■ **ASSIGNMENT**
Make an exact copy of the records, dropping all pictures.

■ **THE DATA**
= Beginning of Section =

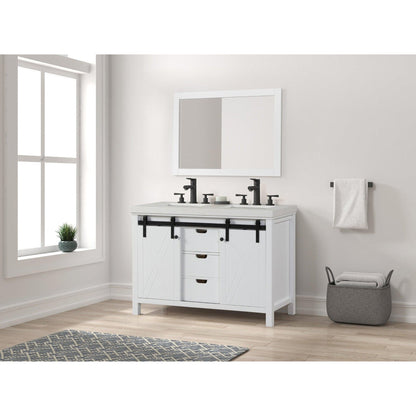 Eviva Dallas 48” x 34” White Freestanding Bathroom Vanity With White Granite Countertop and Double Undermount Sink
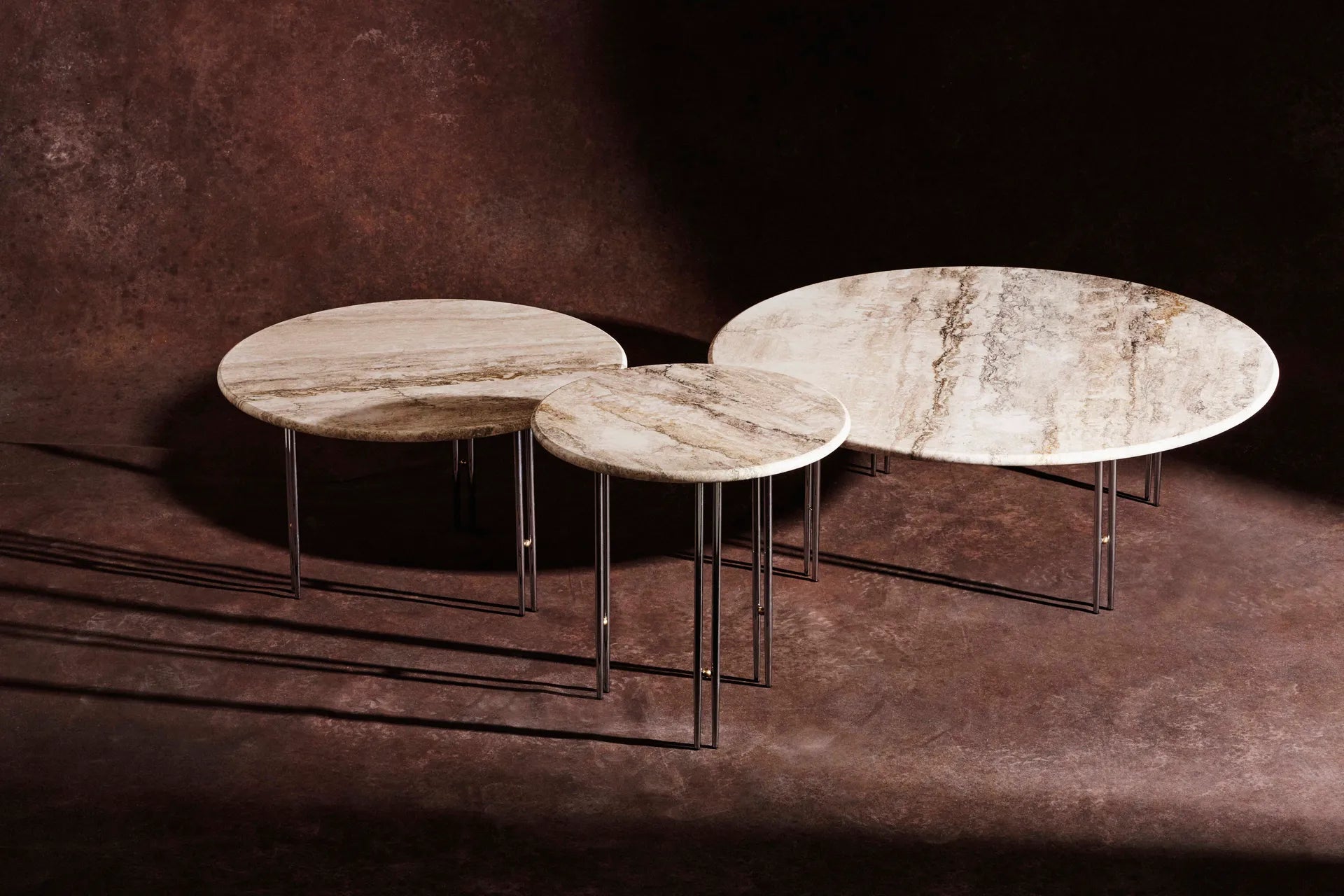 IOI travertine side table with a chrome base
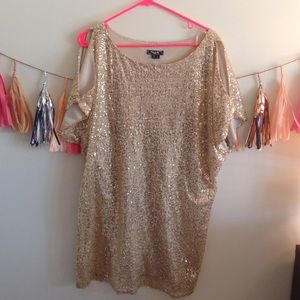 Gold sequin dress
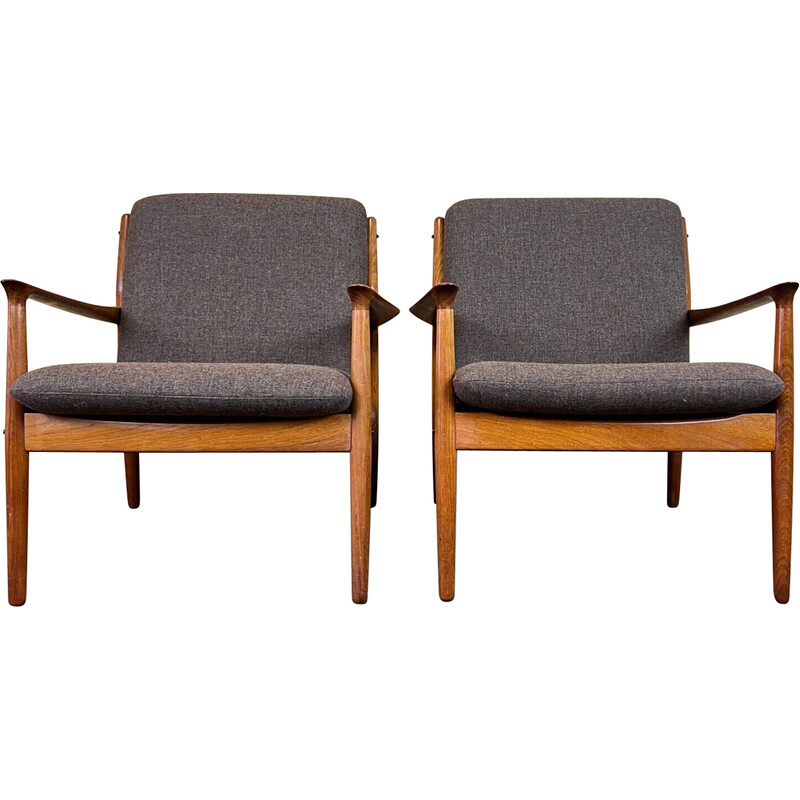 Paar vintage teakhouten fauteuils van Svend Aage Eriksen voor Glostrup, jaren 1960-1970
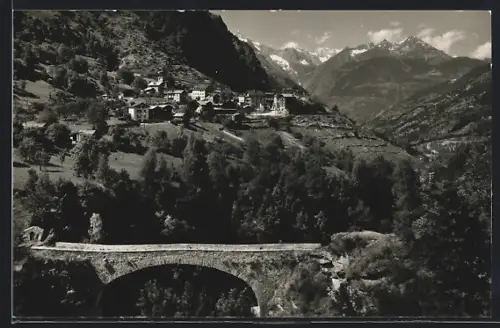 AK Stalden im Vispertal, Teilansicht mit Viadukt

= End of Section =

■ **OUTPUT BELOW**
 Eviva Dallas 48” x 34” White Freestanding Bathroom Vanity With White Granite Countertop and Double Undermount Sink
 IOI travertine side table with a chrome base
 Gold sequin dress
 Paar vintage teakhouten fauteuils van Svend Aage Eriksen voor Glostrup, jaren 1960-1970
 AK Stalden im Vispertal, Teilansicht mit Viadukt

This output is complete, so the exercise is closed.